Diagonalising a quadratic Fermion Hamiltonian

It’s even easier than you probably realised.

I’m talking about a Hamiltonian such as $$H=a_1^\dagger a_1^{\phantom\dagger} + a_2^{\phantom\dagger}a_2^\dagger + 2a_1^\dagger a_2^\dagger + 2a_2^{\phantom\dagger}a_1^{\phantom\dagger},$$ where the $a_i$ satisfy the canonical anti-commutation relations $$\{a_i^{\phantom\dagger},a_j^\dagger\}=\delta_{ij},\quad \{a_i^{\phantom\dagger},a_j^{\phantom\dagger}\}=0,\quad \{a_i^\dagger,a_j^\dagger\}=0.$$ And yes, we will allow terms like $a_i^\dagger a_j^\dagger$ that are not number preserving. They appear commonly in the theory of superconductivity.

There is lots of literature on this, see below. And that’s fine, but I wanted a very short recipe, which I found in the following paper:

  • J. L. van Hemmen, Z. Physik B–Consensed Matter 38, 271–277 (1980). doi:10.1007/BF01315667.

It’s the most concise treatment I could find, so here we go.

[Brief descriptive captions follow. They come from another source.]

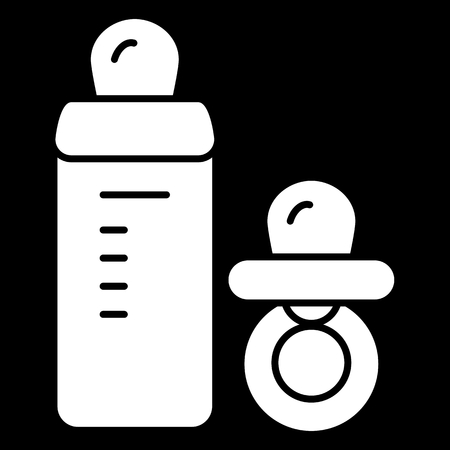 Baby pacifier and bottle vector icon. Black and white baby dummy illustration. Solid linear icon.のイラスト素材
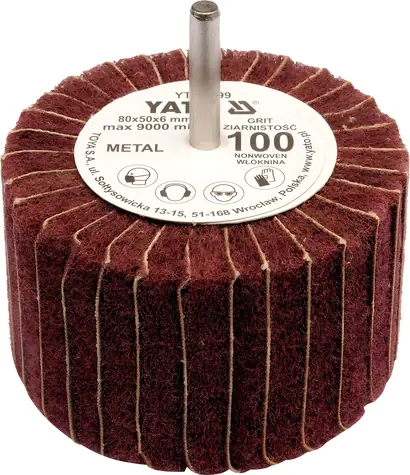 YATO Radial-Lamellenscheibe 80x50 mm / Schleifscheibe / Körnung P-60 / Schaft 6 mm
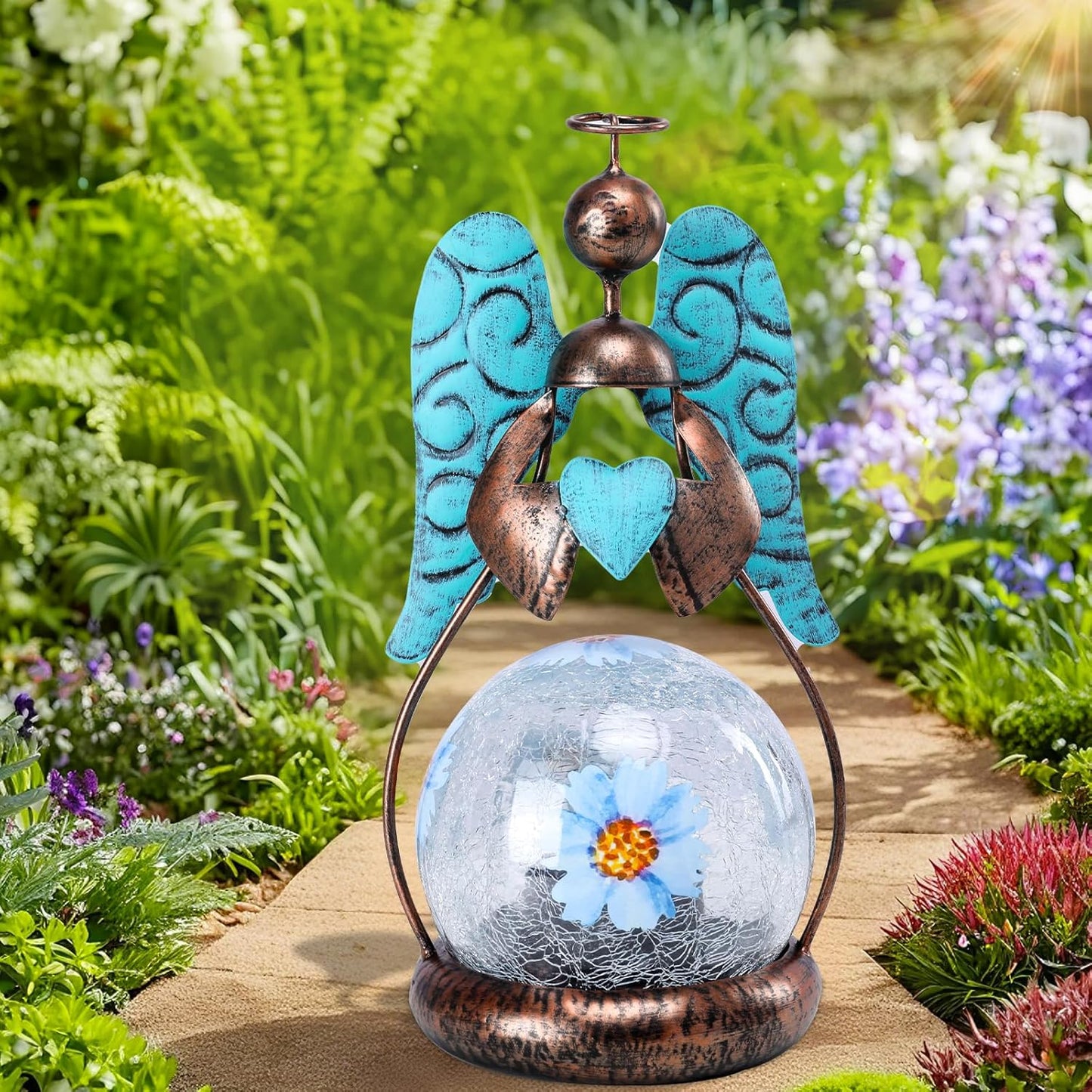 MUMTOP Angel Solar Lights Outdoor Garden - Solar Lanterns Light Decorative Waterproof with Glass Cracked Globe Tabletop Lantern Lamp Ornaments for Yard Patio Decor Gift (Hold Heart)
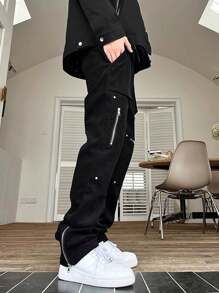 男士时尚美式复古街头风格灯芯绒工装裤，大口袋，宽松街头风格休闲抽绳腰户外裤，修身百搭休闲长裤，秋季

Conventions: $a^\dagger$ is the Hermitian conjugate, or adjoint, of $a$; $\bar x$ is the complex conjugate of $x$; and $X^t$ denotes the transpose of $X$.

First, let’s write the Hamiltonian in the form $$H=\sum_{i,j=1}^n\bigl(A_{ij}a_i^\dagger a_j^{\phantom\dagger} + B_{ij}a_i^\dagger a_j^\dagger - \overline{B_{ji}}a_i^{\phantom\dagger} a_j^{\phantom\dagger} - A_{ji}a_i^{\phantom\dagger} a_j^\dagger \bigr)$$ with $$A^\dagger=A,\qquad B=-B^t.$$ (This is without loss of generality, and I’ll explain below what to do if your favourite Hamiltonian isn’t of this form yet.)

As a second preparation, we define the anti-unitary operator $$J\begin{pmatrix} u\\v \end{pmatrix}=\begin{pmatrix} \bar v\\\bar u \end{pmatrix}$$ for any $u,v\in\mathbb{C}^n$. That’s nothing but a ‘conjugate swap’.

Now all we have to do is the following:

Step 1 of 2

Diagonalise the matrix $$D=\begin{pmatrix}A&B\\-\bar B&-\bar A\end{pmatrix},$$ and consider its eigenvalues and set of orthonormal eigenvectors. (If necessary, repeat identical eigenvalues for distinct eigenvectors, so that we definitely have a total of $2n$ eigenvalues.) For the moment, assume that all eigenvalues are non-zero.

It turns out that for every eigenvector $x_i$ with eigenvalue $\omega_i>0$, $Jx_i$ is an eigenvector with eigenvalue $-\omega_i$. Therefore, we can arrange the eigenvectors in pairs $(x_i, Jx_i)$, where $x_i$ has eigenvalue $\omega_i>0$ and $Jx_i$ has eigenvalue $-\omega_i$.

Step 2 of 2

Form the matrix $$T=(x_1, \dotsc, x_n, Jx_1, \dotsc, Jx_n).$$

Done. That’s it.

(If some eigenvalues are zero and $k=\dim\ker D$ is the dimension of the corresponding eigenspace, you also need pick $k/2$ orthonormal eigenvectors $y_1,\dotsc, y_k$ in that subspace, so that you can add the $y_i$ and $Jy_i$ as columns to $T$. In this case, some additional work might be necessary to ensure that the final $T$ matrix has orthonormal columns—but this is rarely a problem in practice.)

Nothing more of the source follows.